‘No pain, no gain’ not always recipe for success
FALLS CHURCH, Va. — You may be telling yourself, “no pain, no gain,” as you hit your usual speed on the treadmill for the fourth day in a row. But more of the same is not always better. Whether sudden or gradual, injuries can often be prevented through moderation, proper form, and adequate rest.
Diana Settles, physical readiness and injury prevention manager at Navy and Marine Corps Public Health Center in Portsmouth, Virginia, said overuse injuries can be a significant health and readiness threat among service members.

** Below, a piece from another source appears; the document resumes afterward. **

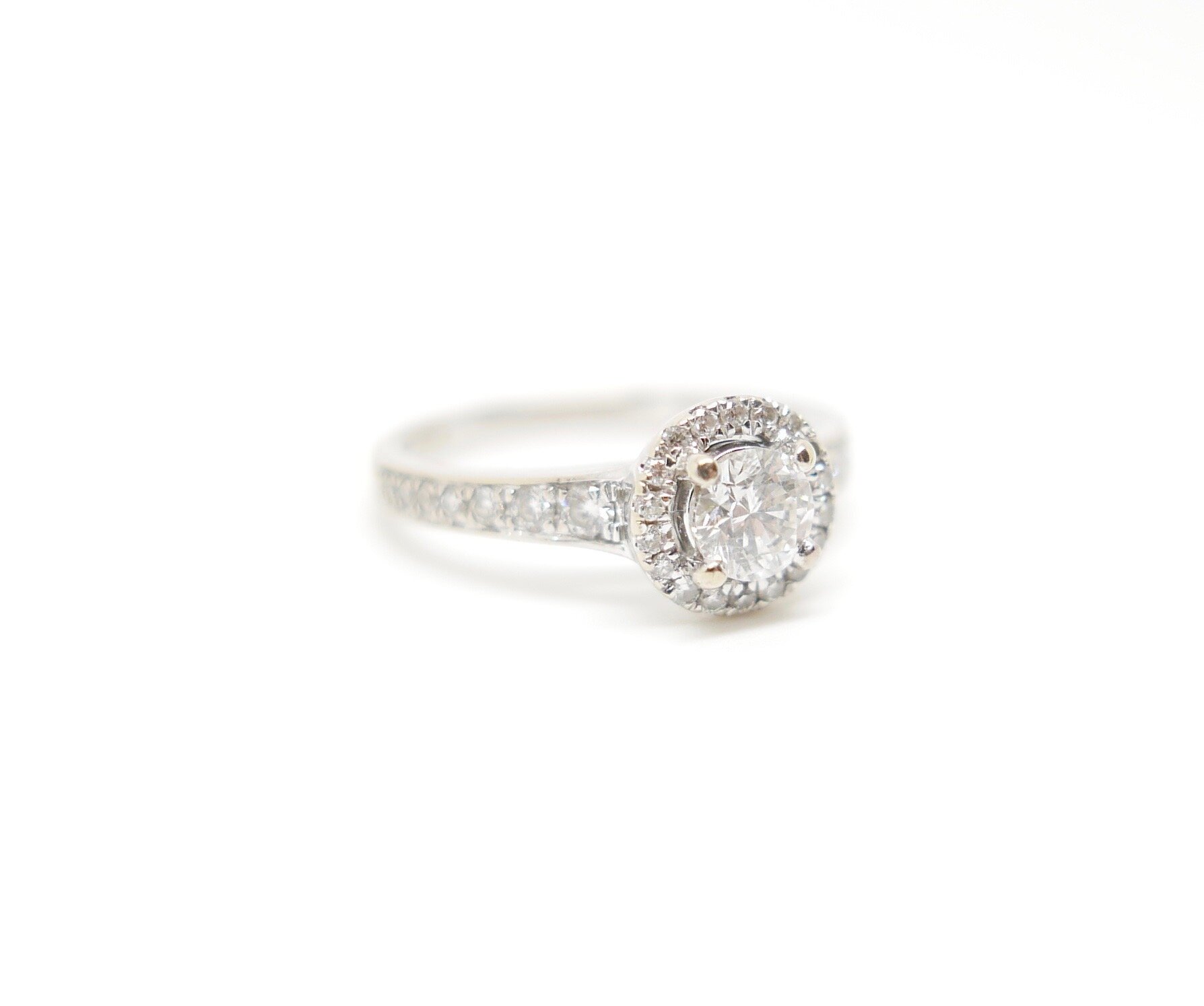 antique jewellery boutique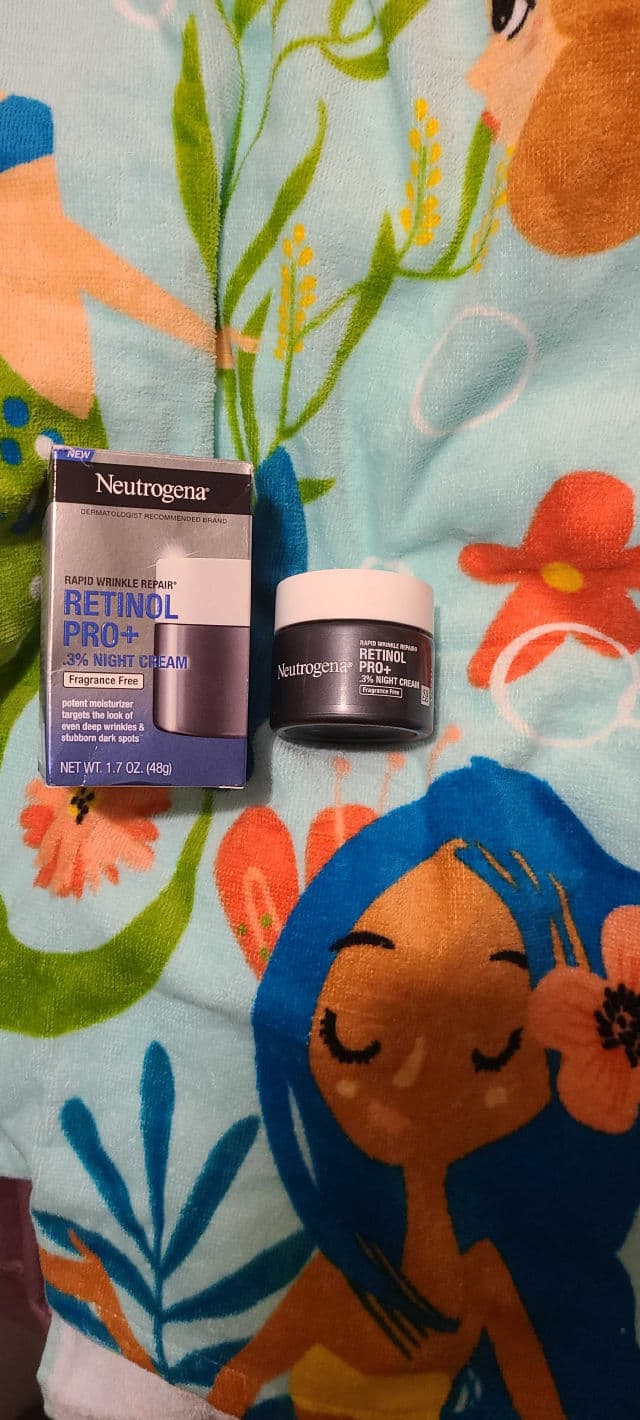Neutrogena Rapid Wrinkle Repair Regenerating Retinol Cream Fragrance-Free review photo by KristyLynn5487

“The goal is for [physical activity] to establish a solid foundation of fitness and strength, building up over time, to allow for pain-free and injury-free participation,” said Settles. Doing too much too quickly or exercising for too long, especially after little to no physical activity, can lead to injuries. “Overuse injuries can be subtle, occurring gradually over time, so early recognition and prevention is important.”
An estimated 25 million limited-duty days, during which service members are unable to perform their full duties, are given out every year across all services, said Settles. These restrictions can result from too much physical activity, which usually occurs while off duty, and can directly affect readiness, she added.
Service members, veterans, and family members, regardless of age, are at risk for overuse injuries. Seeing a doctor before beginning any intense or new workout routine is recommended, especially if prior injuries exist. A physician can provide advice on what to avoid or exercises to try based on individual needs.
Avoiding any sudden increases in activity level, duration, load, and intensity can help prevent overuse injuries, said Settles. Injuries can also happen as a result of technique errors, such as poor form during strength training exercises.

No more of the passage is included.